So Julia Roberts was paid $500,000 a minute for her six-minute turn in Valentine's Day. Surprised? You shouldn't be. Roberts has form when it comes to the cameo: she cut her teeth in Robert Altman's The Player, then turned in cameos as a bed-hopping reporter in Prêt-à-Porter and an especially larky (read: grating) one as herself in Ocean's 12. The cameo is the ideal way to make some serious cash on the sly. After all, there's no appearance more special than one that is actually labelled a special appearance.

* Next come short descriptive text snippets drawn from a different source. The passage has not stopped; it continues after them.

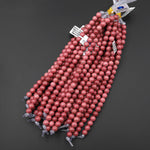 AAA Large Hole Beads 2mm 3mm Drill Natural Pink Petrified Rhodonite 6mm 8mm 10mm Round Beads 8" Strand DK9958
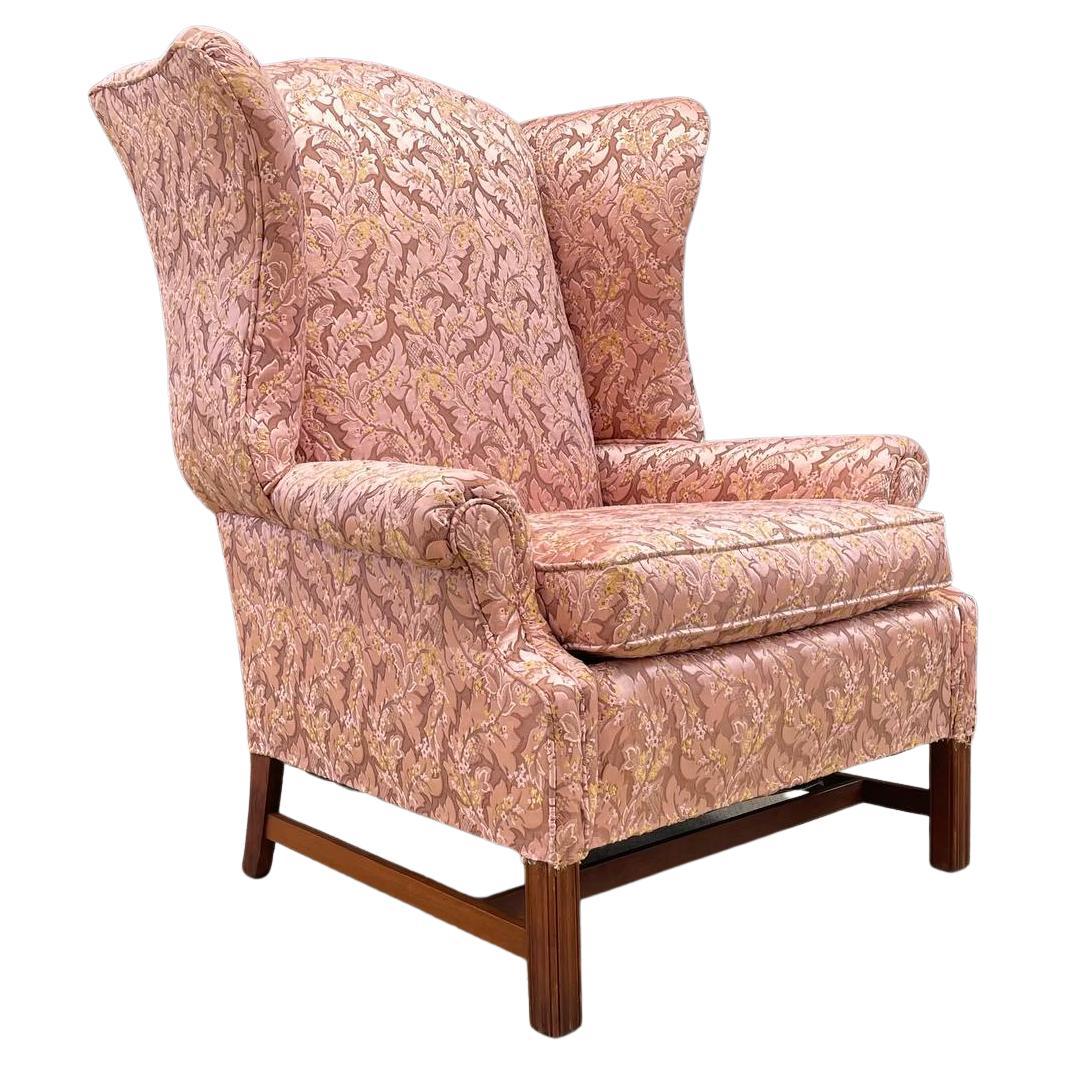 Antique Georgian English Style Wing Back Lounge Chair For Sale
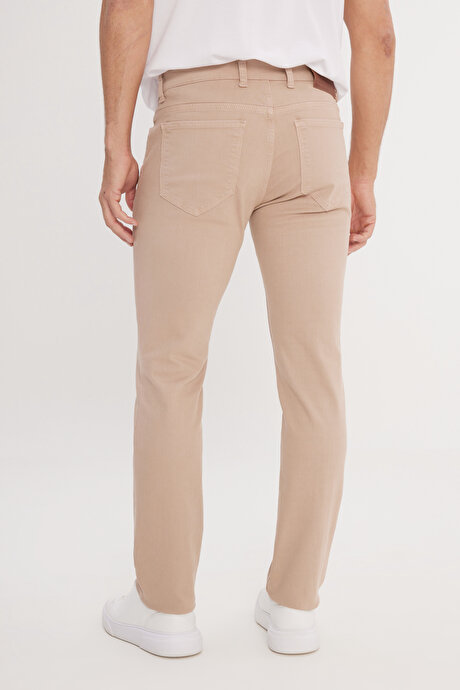 360 Derece Her Yöne Esneyen Slim Fit Dar Kesim Pamuklu Esnek 5 Cep Vizon Pantolon resmi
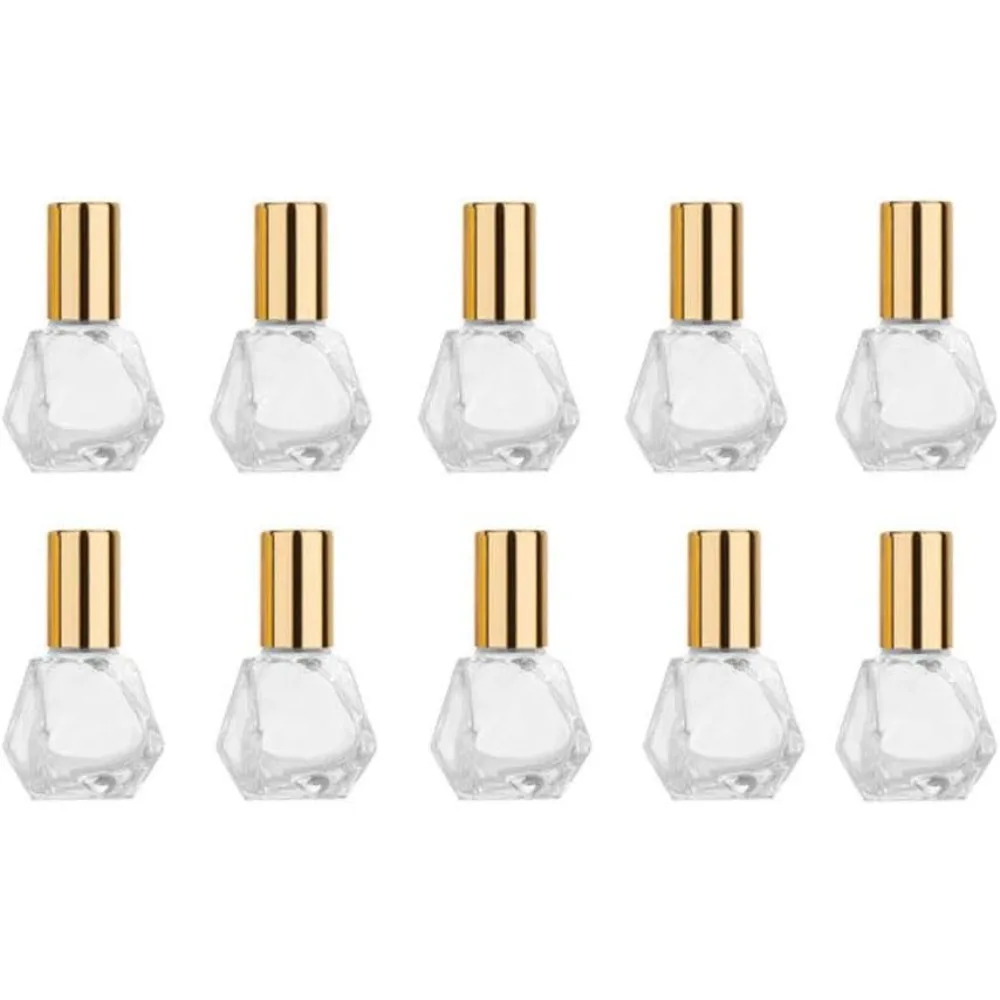 

10 шт. мини 8 мл портативные прозрачные стеклянные роликовые бутылки с наконечниками из нержавеющей стали-сделай сам дорожные рулонные контейнеры для эфирного масла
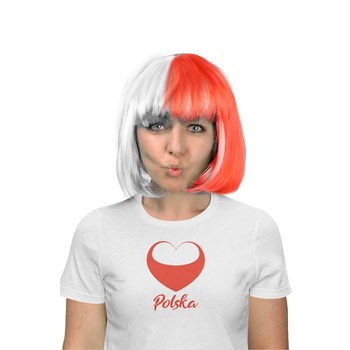 Peruka bob "Biało-Czerwoni"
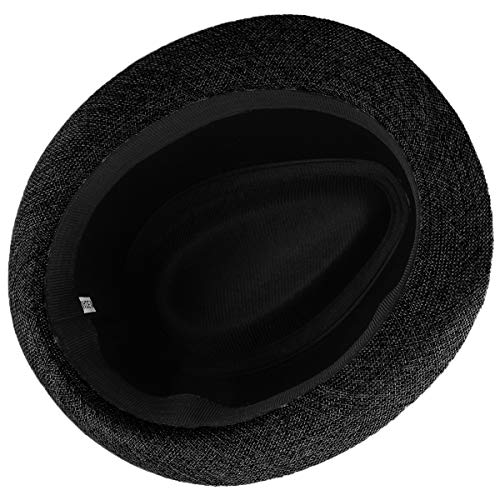 KYEYGWO Sombrero fedora de fieltro, sombrero de gángster para hombre y mujer, de ala ancha, estilo vintage, #1-negro, Talla única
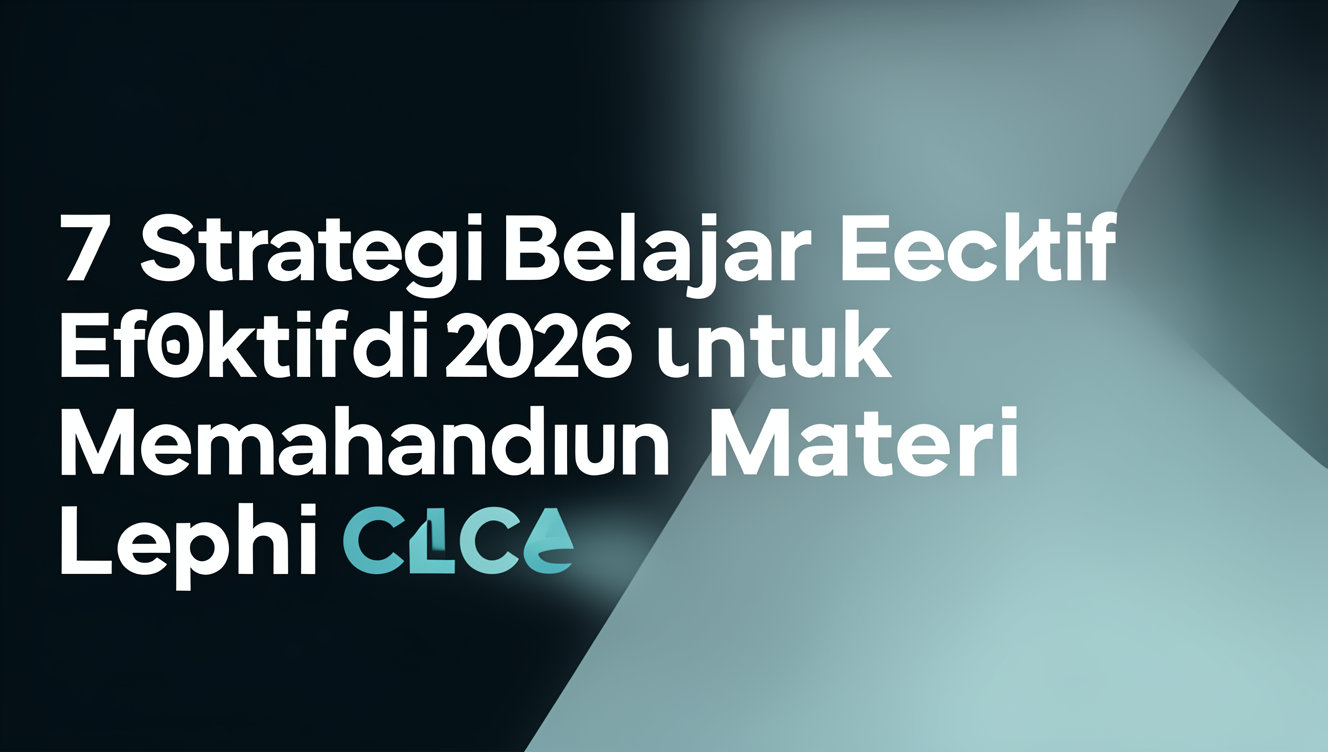 7 Strategi Belajar Efektif di 2026 untuk Memahami Materi Lebih Cepat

Or, better still, not labelled at all. Here are five other repeat bit-part offenders.
Marlon Brando
The big daddy of the cameo demanded top billing, $3.7m (£2.4m) upfront and a hefty profit share (current total: $14m) for his 10-minute role as the Man of Steel Snr in Superman. He also bagged top billing and an Oscar for his (essentially supporting) role in The Godfather; then repeated the trick for Apocalypse Now – $1m upfront in exchange for 15 minutes of screen time.
Orson Welles
There's a weird dignity to his studio head in 1979's The Muppet Movie ("Prepare the standard 'Rich and Famous' contract for Kermit the Frog and Company") and something sonorous about his last ever role, as the voice of Unicron in the 1985 Transformers cartoon. Welles not only hated it, but, when quizzed, couldn't remember his character's name – just that it was "a big toy who attacks a bunch of smaller toys".
Judi Dench
An Oscar for nine minutes of gummy cackling in Shakespeare in Love. But there's a less respectable cameo in the cupboard. Check out Dench's floaty-robed turn as Aereon, an "envoy from the Elemental race", opposite Vin Diesel in The Chronicles of Riddick.
Arnold Schwarzenegger
He just can't help himself: Welcome to the Jungle, Feed, Dave, The Kid & I, plus he's contributed "CGI facials" to Terminator Salvation, voiced a tough Hummer called Sven in Cars, and – lest you thought he didn't have range – played a lecherous Turkish prince in Around The World In 80 Days. Soon to be seen, fleetingly, in Sly Stallone's The Expendables. Will Arnie return to the big screen after he's left politics? Just try and stop him.
Tom Cruise
These days, everyone hates a Tom Cruise film. But everyone loves a film in which Cruise takes a self-mocking cameo. His three minutes of ghastly dancing as a studio exec in Tropic Thunder was deemed to be the best thing he had done in years – well, since his turn in Austin Powers in Goldmember, which was the best thing he'd done since his one minute as a grubby cowboy in Young Guns.
• This article was amended on 17 February 2010. The original said that Orson Welles was the voice of Optimus Prime in the 1985 Transformers cartoon. This has been corrected.